Obviously Converse is more than just a performance basketball company, how many pairs of Converse do you have in your collection right now?
Probably about 300 pairs to be honest with you.

Yeah. I can't fit shoes in my house.

I'm going to put you on the spot a little bit. Could you name a top five?
Comme des Garcon, the Soloist, I love the new Ambush collection that just came out. It's actually amazing, some fine leather. Four, I shall say obviously all the Golf le Fleur One Stars are my favorite. Tyler has done an amazing job of creating those Golf le Fleurs. I love those.

Before you signed with the brand, were you rocking Converse for lifestyle as well?
Of course. Yeah. I've always owned a pair of Converse. I was just wearing simple just Chuck Taylors, lows and highs.

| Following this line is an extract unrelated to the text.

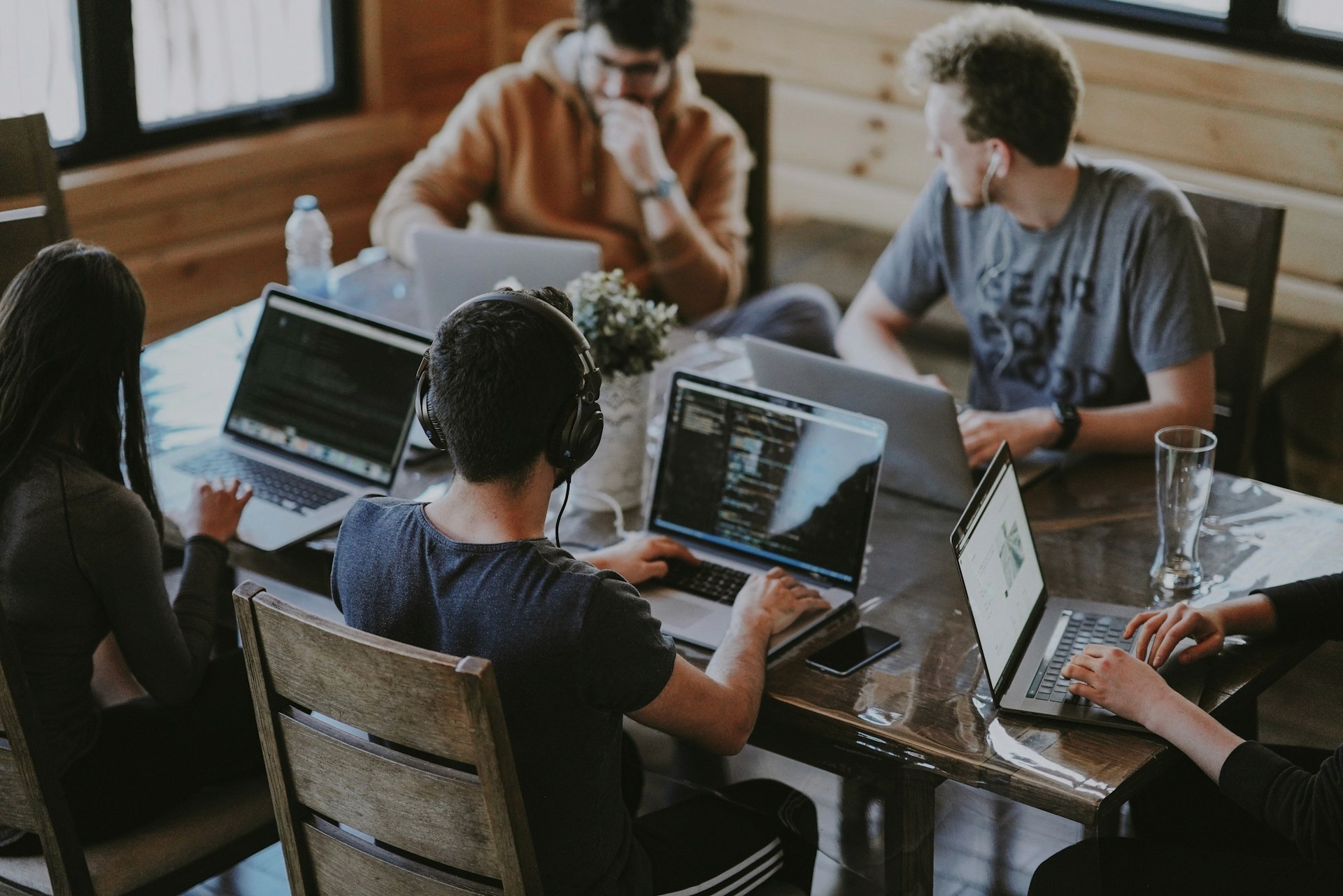 A technical team using laptops to build and manage complex backend workflows for enterprise scheduling tools.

So you kind of have a reputation of being a flashy guy. Everybody's always paying attention to what you're wearing, whether it be before the game, in the tunnel, off the court in general. Do you kind of feel a little bit of added pressure now to kind of make sure that you're always wearing something that can catch people's eye?
Heck no. I've been doing this my whole life, so now that people are starting to notice, nothing changes for me, man. I still have to go out there and play basketball. I can’t be the flyest dude in the NBA and not be excelling at hoops. Because that's not something I pride myself off of. I want to be an all around individual, four-dimensional player.